Yeah. It's a bit scary. My friends don't like me living here, but I think it's kind of exciting. I found a bloodbath in the stairwell one time and took some digital pictures of it. It looked just like an art installation, like someone was trying to create a bloodbath. It was like life imitating art; the most beautiful bloodbath you could ever find in your life.

Gross. So the last thing worth mentioning, because it seems to be the project that occupies most of your time these days, is the Sleepworks. I suppose on a surface level, it just looks like audio recordings of you talking in your sleep, but I'm sure there's much more to it.
Yes. Well, I'm really tortured in my sleep. I would have terrible dreams but I would wake up and not remember them. So in the morning, I would try to write them down in a dream journal, but by the time I would start writing, I would forget like half of what happened. So one day, I had the idea that I would sleep with the tape recorder. After time, I classically conditioned myself to push the record button in my sleep.

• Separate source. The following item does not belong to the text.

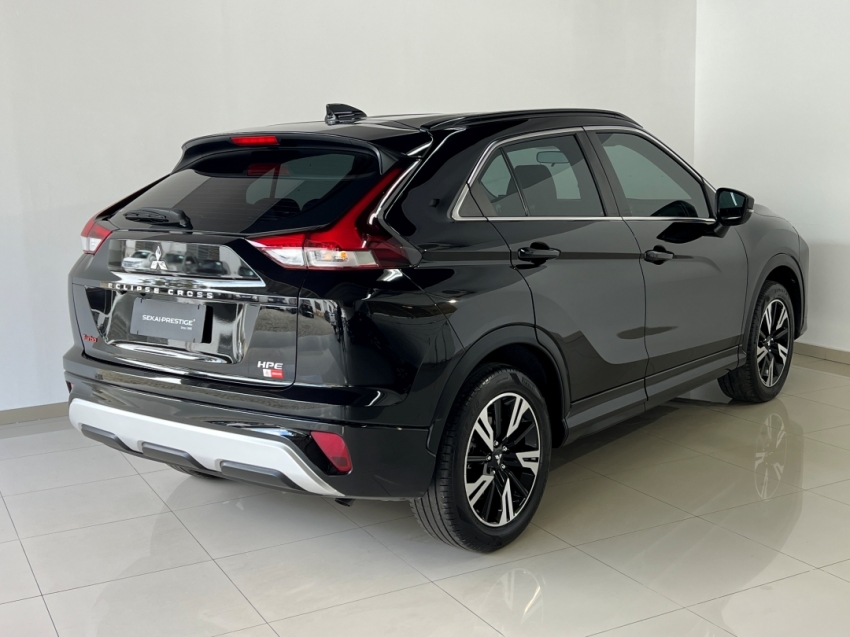 mitsubishi eclipse cross hpe 20242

I randomly downloaded one of them to try and make sense of the project. I think it's called "Le Bobcat"? What exactly is going on there?
I had this dream about a bobcat that came over to our house and was interacting with us. Then it had to go to the doctor because it thought it was pregnant, and it scratched me real good on the back of the leg and I was like "I think bobcats are cute and everything, but if one attacks me I will cut it up." Then over time, the bobcat turns into this woman, and we're dating, and then it gets really bizarre. There's these recordings that strangely happened the same night that say "These forward and backwards revelations are going to breath and bring the spirit world with the real world, because hierarchy's important with them." So what I did was take what I said, and make it forwards in one ear and backwards in the other. Then I took the sound of real bobcats in heat, then in stress, then purring, and I played them backwards. The idea was to have the listener listen to this tape on repeat with headphones while falling asleep so that the bobcat dream would enter into the dream of the listener, even though the listener is a different person with their own brain and experiences and neurons that make up whatever they're going to dream about. Their dream would be the final work of art.

I tried to figure out if the people who bought the album listened to it when they went to sleep and if the bobcat entered their dreams, but they were all like, "Man, that was a nightmare! I'm not going to listen to that when I'm going to sleep!"